Aujourd'hui, l'existence de trous noirs supermassifs au centre de toutes les grandes galaxies ne fait plus de doute, ou pour le moins d'objets qui d'un point de vue astrophysique se comportent comme eux. Les images fournies par la collaboration Event Horizon Telescope, en ce qui concerne les trous noirs M87* et Sgr A*, sont particulièrement convaincantes à cet égard.
Toutefois, on sait aussi que certaines galaxies sont particulièrement poussiéreuses et cachent même le rayonnement pourtant puissant dans le visible et le domaine des rayons X des explosions de supernovae. Par contre, les poussières laissent passer un partie du rayonnement infrarouge et c'est pour cette raison qu'on s'attendait à voir avec le JWST l'effet des trous noirs supermassifs sur les étoiles passées trop près d'eux, mais quand ceux-ci sont initialement des trous noirs dormants, accrétant peu de matière, comme c'est le cas de celui de notre Voie lactée.
Des événements de rupture par effet de marée
Pour être précis en utilisant le jargon et le concept des astrophysiciens, ce qui a été cherché avec le JWST, ce sont ce qu'ils appellent en anglais des Tidal disruption events (ou TDE), que l'on peut traduire par « événements de rupture par effet de marée ».
Jean-Pierre Luminet a été un des pionniers de l'étude théorique de ces TDE il y a presque 45 ans avec l'un des grands théoriciens des trous noirs, l'Australien Brandon Carter. Les deux astrophysiciens relativistes, tous deux à l'Observatoire de Paris à cette époque, avaient exposé leurs travaux dans un article du célèbre journal Nature en 1982, suivi d'un autre dans Astronomy & Astrophysics en 1983.

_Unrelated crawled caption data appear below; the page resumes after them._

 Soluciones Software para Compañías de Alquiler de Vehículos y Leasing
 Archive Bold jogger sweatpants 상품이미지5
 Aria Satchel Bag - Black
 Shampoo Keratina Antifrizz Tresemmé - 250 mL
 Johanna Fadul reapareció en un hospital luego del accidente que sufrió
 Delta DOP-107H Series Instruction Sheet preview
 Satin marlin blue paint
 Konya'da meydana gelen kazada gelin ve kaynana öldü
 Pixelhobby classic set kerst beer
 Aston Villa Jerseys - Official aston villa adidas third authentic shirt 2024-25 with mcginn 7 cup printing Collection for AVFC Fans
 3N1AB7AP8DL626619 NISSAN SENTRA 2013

Ils y expliquaient qu'un TDE se produit avec une étoile dont la trajectoire trop rapprochée d'un trou noir supermassif conduit ses forces de marée à comprimer l'étoile jusqu'à produire ce qu'ils ont appelé une crêpe stellaire - en raison de la forme de la déformation causée par ces forces. L'étoile pouvait finir par exploser en réponse, et ses débris étaient donc avalés en partie par l'astre compact.
Le regard perçant en infrarouge du JWST
Les TDE sont plutôt rares, car on estime qu'il ne s'en produit qu'un tous les 10 000 à 100 000 ans à l'échelle des galaxies, alors que des supernovae classiques arrivent tous les 100 ans environ dans la Voie lactée. Comme on l'a déjà laissé entendre, on les remarque difficilement, car la poussière de notre Galaxie peut les rendre invisibles à l'œil nu. Cela explique pourquoi certains restes de supernovae qui se sont produits au cours des derniers siècles dans la Voie lactée n'ont été découverts qu'avec les instruments de l'astronomie moderne. De même, les scientifiques ont observé environ 100 TDE depuis les années 1990, principalement sous forme de rayons X ou de lumière visible qui traversent des galaxies relativement exemptes de poussière.
Aujourd'hui, un communiqué du MIT a donc officialisé la publication de l'article expliquant que quatre TDE ont été observés par le JWST avec son regard infrarouge perçant.
Megan Masterson, auteure principale de l'article et doctorante à l'Institut Kavli d'astrophysique et de recherche spatiale du MIT, y précise : « Ce sont les premières observations du JWST d'événements de perturbation par effet de marée, et elles ne ressemblent en rien à ce que nous avons observé auparavant. Nous avons appris que ces phénomènes sont bel et bien alimentés par l'accrétion de trous noirs et qu'ils ne ressemblent pas à l'environnement habituel des trous noirs actifs. Le fait que nous puissions désormais étudier à quoi ressemble réellement l'environnement dormant d'un trou noir est un aspect passionnant. ».